> [Assignment]: Below this line are records; transcribe exactly the lines between the one holding "beach guardian member" and the one holding "a man and a woman playing a saxophone", inclusive, and omit the pictures.

> [Listed records]:
..........

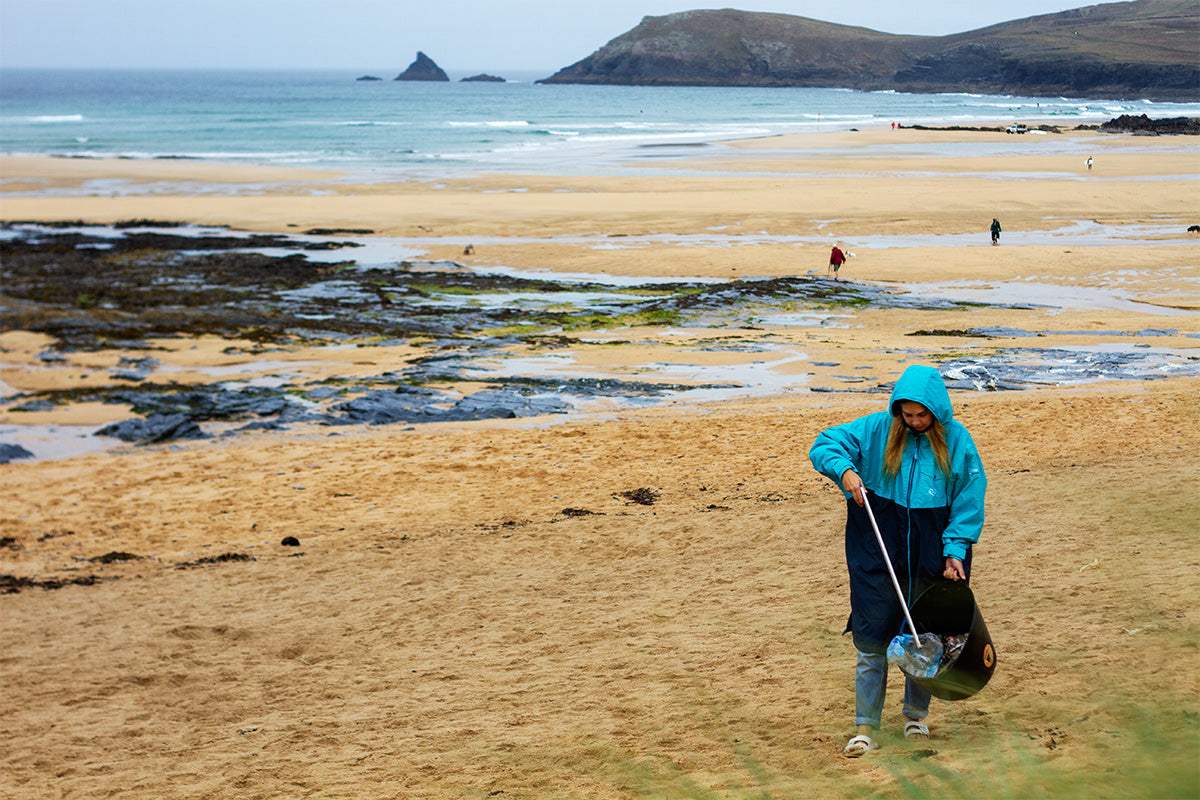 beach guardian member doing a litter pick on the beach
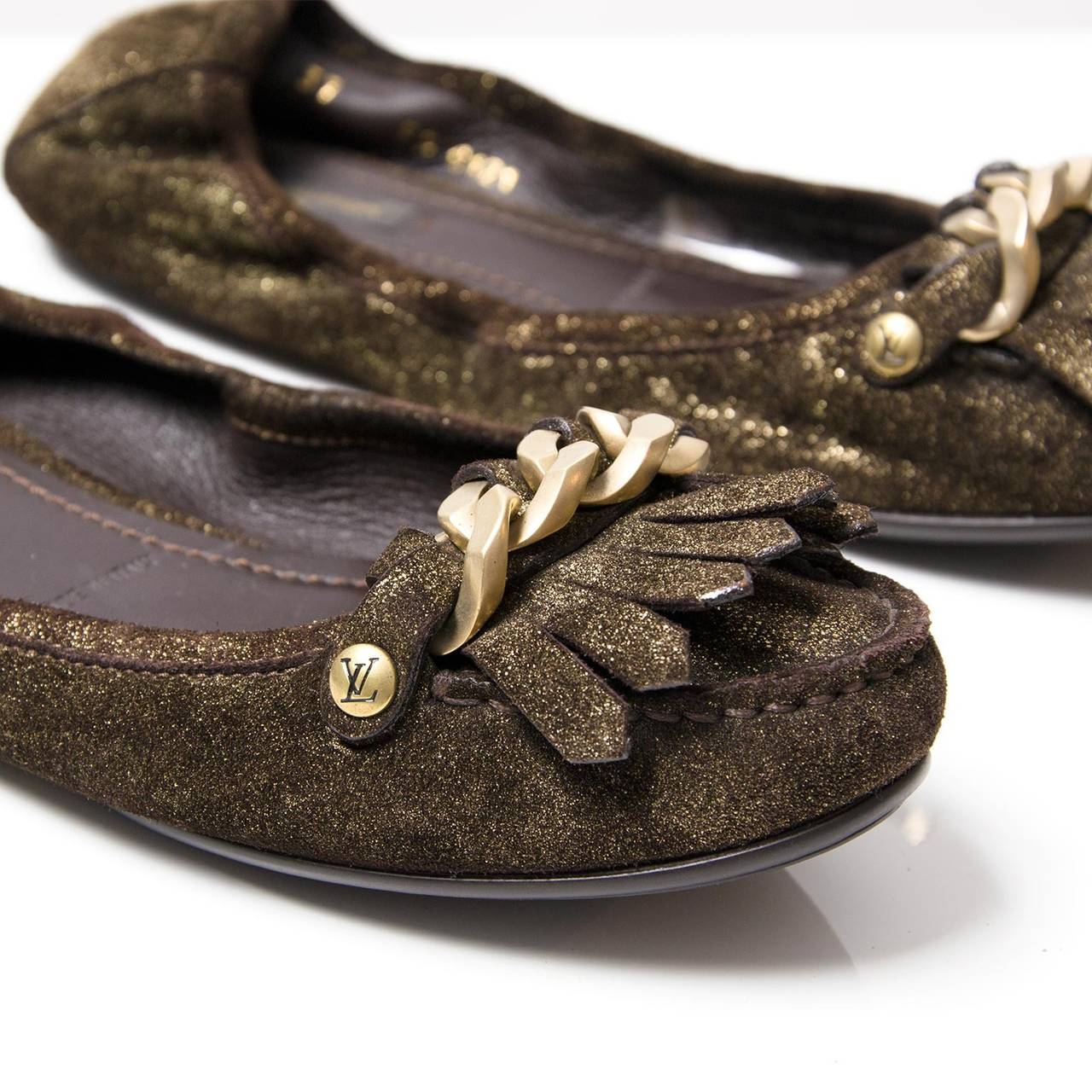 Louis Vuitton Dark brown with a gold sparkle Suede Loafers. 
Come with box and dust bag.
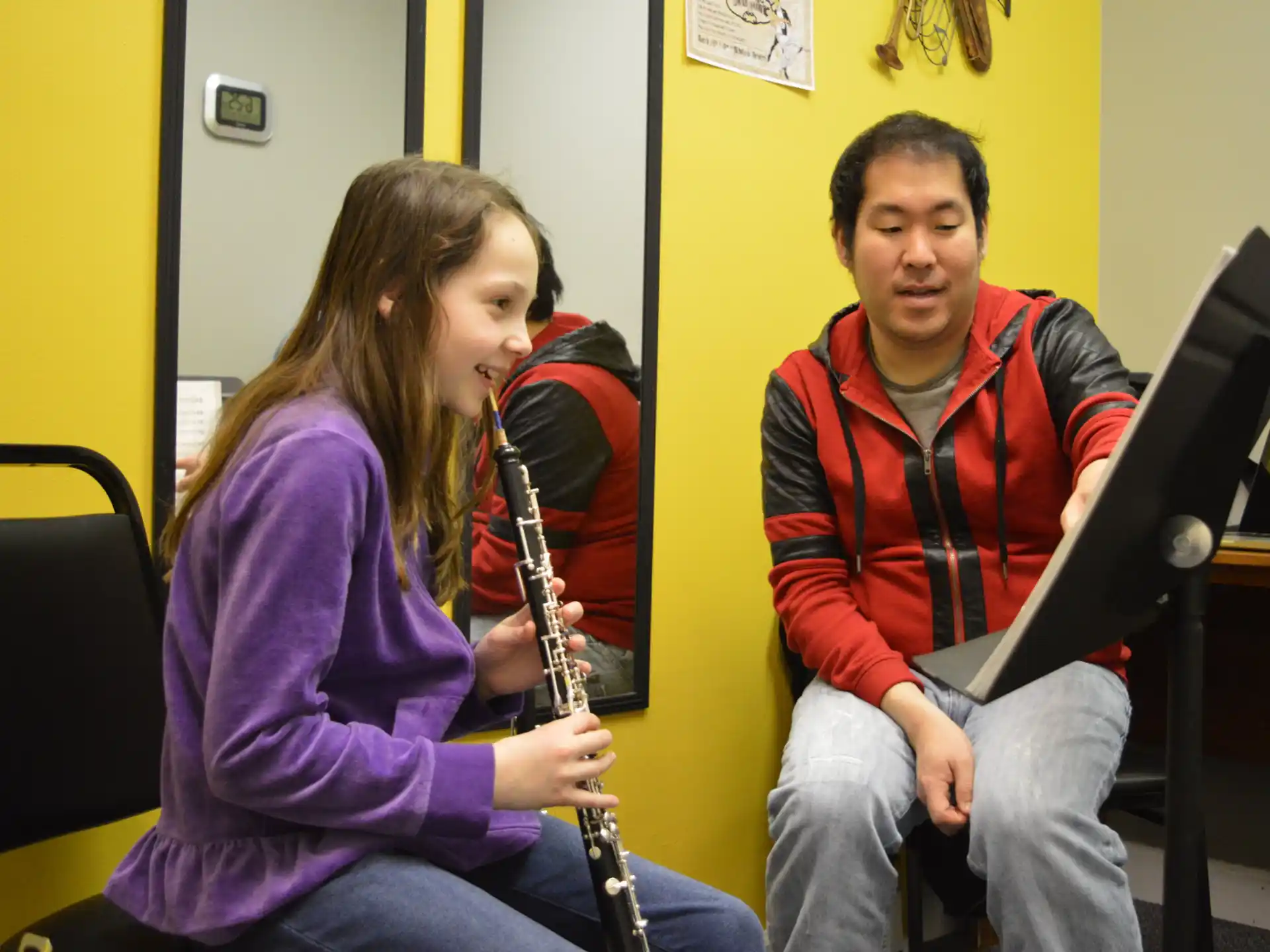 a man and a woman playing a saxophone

..........

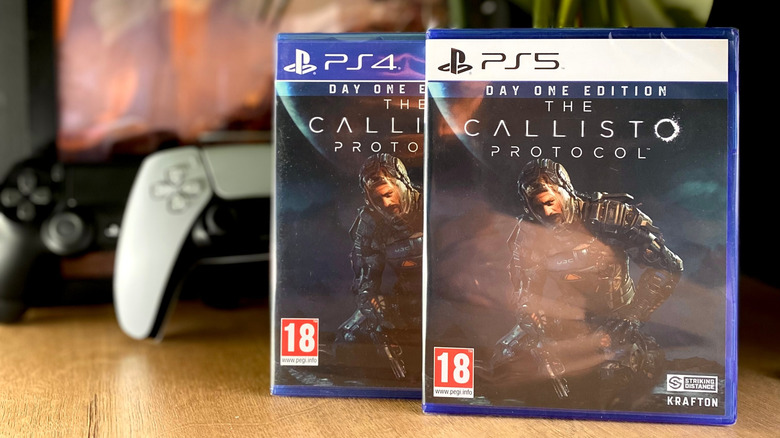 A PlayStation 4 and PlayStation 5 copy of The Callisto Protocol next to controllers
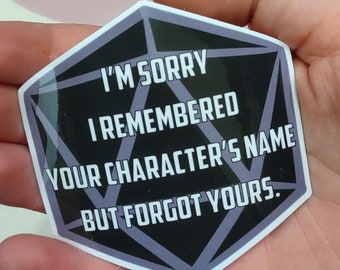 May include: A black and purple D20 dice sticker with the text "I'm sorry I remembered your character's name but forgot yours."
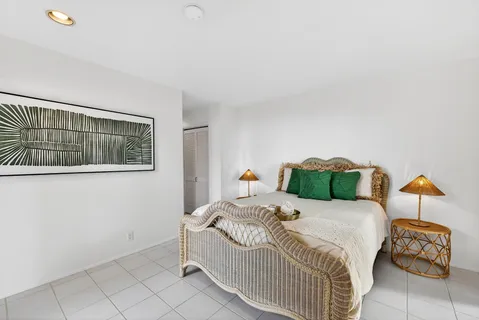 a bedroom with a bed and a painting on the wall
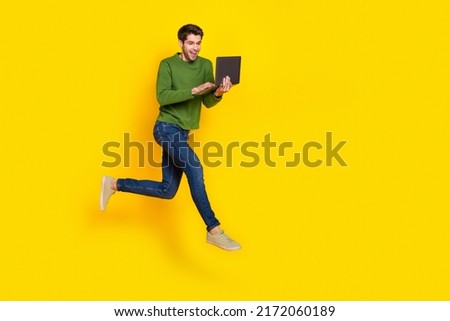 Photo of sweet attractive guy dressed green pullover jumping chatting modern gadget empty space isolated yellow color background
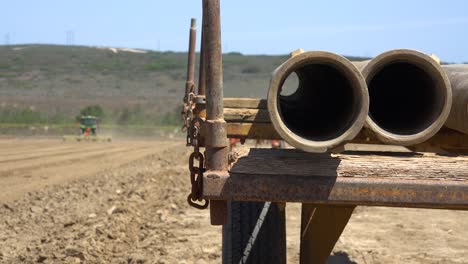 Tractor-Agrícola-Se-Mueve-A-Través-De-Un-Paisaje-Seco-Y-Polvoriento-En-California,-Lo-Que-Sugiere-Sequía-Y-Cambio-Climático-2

..........

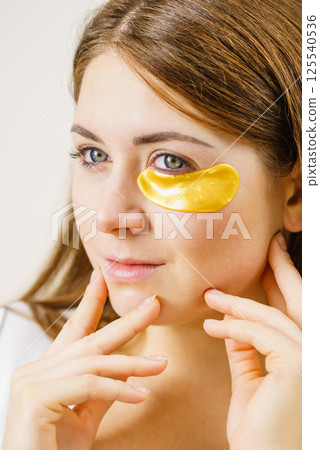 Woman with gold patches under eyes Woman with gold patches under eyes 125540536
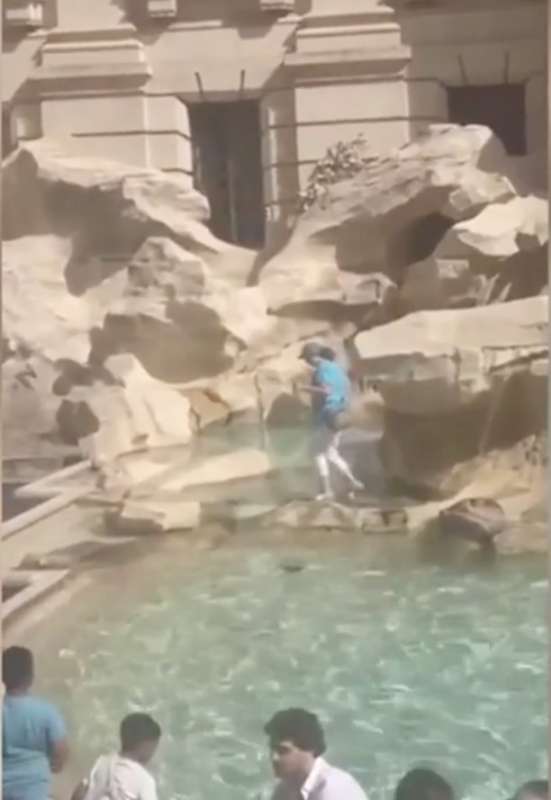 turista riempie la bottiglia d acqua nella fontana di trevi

..........

> [Task output]:
 beach guardian member doing a litter pick on the beach
 Louis Vuitton Dark brown with a gold sparkle Suede Loafers. 
Come with box and dust bag.
 a man and a woman playing a saxophone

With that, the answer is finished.